The Aquatics consist of four sports. The first is swimming, which dates all the way back to ancient Greece, where they liked to throw kids in the sea and watch them try to outswim the sharks. The fastest child with a head got the gold medal. It is still almost the same today, but without the sharks. The second sport is water polo, where athletes struggle not to drown, and if they happen to score while trying to catch the ball (which floats and therefore provides a means of salvation), they win. If they drown, they lose. Then there is diving, where they throw you off a cliff and you have to spin and spin and spin and spin aimlessly and hope you don't land in the water with your belly, because you're dead. Then there is synchronised swimming, which is the most useful sport in real life of the four. There are two athletes who, while falling, have to watch each other and spin simultaneously. The athletes who look the least, win.
Most of you already know archery, it is the sport in which you get a ridiculously oversized bow which has a computer, a TV and a DVD player mounted on it, and you try to shoot arrows at the target while you are watching a movie on the DVD. Ancient Greeks used to have their normal bows which were only a stick with a piece of thread tied to it, and they had to shoot slaves in the eye to win.
Athletics are sports in which you run (or walk) like hell various distances, ranging from 100m (that's like 10 ft for you americans) to 40 km (that's 30 ft for you americans) and maybe jump a bit too.
Badminton is gay as hell, there are two people who toss a feather (called a shuttlecock) to each other. If neither of them wants it, why don't they just give it to the judges and go drink a beer? Anyway, nobody knows the point of this sport, and I don't think you get any medals for it.
There is no hope for anyone to understand this sport. Only Americans pretend to understand it because they don't want to look stupid because they invented it and how lame would that be if even the inventor cannot understand their own sport? So out of embarrasment they watch it all day long although even the players don't know what's going on. From what I gather though, someone throws a ball to someone else, and he hits it on the head with a bat and runs around like crazy. If the ball goes to the viewers and hits someone, the team scores. It is a particularly violent sport and many a viewer has died from it.
You all know basketball, it's like when your boss at work gives you a document for you to sign and whatever and you say "fuck this" and roll it up into a ball and you throw it at the bin and you miss, only these people do it with a ball and get paid for that. So yeah, I guess you lose there.
Punch the shit out of people. Last person alive wins.
You get in a small boat called a canoe and try not to get hit on the head from some poles sticking out of the ceiling while floating around trying not to drown.
You get on your bike and run in circles. When you realise you aren't going anywhere you stop, and the fastest person to realise that wins.

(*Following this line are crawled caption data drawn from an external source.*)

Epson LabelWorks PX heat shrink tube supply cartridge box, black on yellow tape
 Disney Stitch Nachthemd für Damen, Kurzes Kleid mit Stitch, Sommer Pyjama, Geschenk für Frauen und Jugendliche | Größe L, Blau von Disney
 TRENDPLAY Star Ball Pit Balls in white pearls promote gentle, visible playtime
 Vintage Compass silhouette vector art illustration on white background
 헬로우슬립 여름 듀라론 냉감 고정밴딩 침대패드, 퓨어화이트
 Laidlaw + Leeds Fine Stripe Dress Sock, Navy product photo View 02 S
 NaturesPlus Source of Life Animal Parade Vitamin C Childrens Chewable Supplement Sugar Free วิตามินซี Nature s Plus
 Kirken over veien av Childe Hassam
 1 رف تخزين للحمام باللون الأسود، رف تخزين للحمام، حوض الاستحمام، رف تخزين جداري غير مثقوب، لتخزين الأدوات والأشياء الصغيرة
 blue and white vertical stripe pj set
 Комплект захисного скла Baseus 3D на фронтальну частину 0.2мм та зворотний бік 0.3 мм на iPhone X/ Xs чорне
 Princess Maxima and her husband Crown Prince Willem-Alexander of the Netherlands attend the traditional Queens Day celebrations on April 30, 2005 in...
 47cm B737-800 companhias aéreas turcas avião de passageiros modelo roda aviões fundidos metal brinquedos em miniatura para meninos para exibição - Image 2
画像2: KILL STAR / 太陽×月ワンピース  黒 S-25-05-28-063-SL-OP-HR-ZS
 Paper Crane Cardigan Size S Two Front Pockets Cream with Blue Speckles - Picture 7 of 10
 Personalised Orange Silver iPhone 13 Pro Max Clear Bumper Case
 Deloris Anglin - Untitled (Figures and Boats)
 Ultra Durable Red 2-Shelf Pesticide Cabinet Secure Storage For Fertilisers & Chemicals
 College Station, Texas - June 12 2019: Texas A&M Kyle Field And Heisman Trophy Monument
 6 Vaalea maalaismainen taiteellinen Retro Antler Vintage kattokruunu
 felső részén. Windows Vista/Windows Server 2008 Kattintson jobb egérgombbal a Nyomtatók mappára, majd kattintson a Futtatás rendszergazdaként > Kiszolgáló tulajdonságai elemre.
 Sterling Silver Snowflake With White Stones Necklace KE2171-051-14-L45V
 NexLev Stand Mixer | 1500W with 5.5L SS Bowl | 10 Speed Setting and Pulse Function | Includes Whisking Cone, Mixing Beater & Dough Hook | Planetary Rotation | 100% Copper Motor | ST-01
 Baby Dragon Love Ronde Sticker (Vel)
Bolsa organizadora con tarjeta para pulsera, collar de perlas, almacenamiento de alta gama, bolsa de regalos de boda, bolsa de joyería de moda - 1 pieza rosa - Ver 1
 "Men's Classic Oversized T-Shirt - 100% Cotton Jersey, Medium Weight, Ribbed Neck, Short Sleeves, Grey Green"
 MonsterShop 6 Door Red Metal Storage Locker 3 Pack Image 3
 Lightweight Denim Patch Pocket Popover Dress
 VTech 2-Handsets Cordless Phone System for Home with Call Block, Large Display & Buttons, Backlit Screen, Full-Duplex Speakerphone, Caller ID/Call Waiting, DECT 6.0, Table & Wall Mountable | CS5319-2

Equestrian means "something to do with horses" and so you understand that you get on a horse and make it do crap like jump around and look happy and roll over. If the horse is in heat you lose, because its dick knocks over all the wooden things when it jumps over them.
Fencing is a wussy sport where you try to stab each other, only the swords don't work and you have flashing lights on your helmet and guns aren't even allowed, so noone ever dies. That sucks.
Football is the best sport ever (not that crap Americans call football, that's just team boxing with a ball thrown in for distraction) because Greece is European Champion 2004. We are getting our ass kicked in the Olympics by everyone, including Mali, but that's just because the team is not the original Greek team but some 16 year old kids.
Gymnastics is where you jump around and hang from stuff. All men in Gymnastics are gay, and the women have no tits, nice asses though. The one who jumps around the most wins.
Handball is like football only it's played with the hands, hence the name. We sometimes win at it, so I guess it's OK.
Hockey is gay, it's like football but you have sticks and the ball is so small you can't even see it. Nobody watches that unless we somehow win a medal, then it will rock.
Judo is the art of laying someone on their back. It is especially useful for man vs woman, when you want to get laid. We got a golden medal there, so it's quite good.
No idea what this is, but from the name I will assume that they do five things at once, maybe like sing and spin plates on their noses or something.
Rowing is, as the nursery rhyme says, where you row your boat gently down the stream, only not so gently. You row like a motherfucker, because if the others catch you, it's your ass.
Sailing is great, we got one gold medal already and we're probably getting more, so it's one of my favorites. You get on your yacht and you try to finish before all the others. A sport for rich people only, obviously.
Shooting is more or less known, you get a gun and shoot pigeons. The more you shoot the better it is, and sometimes you can eat some if you get lucky and they fall near you.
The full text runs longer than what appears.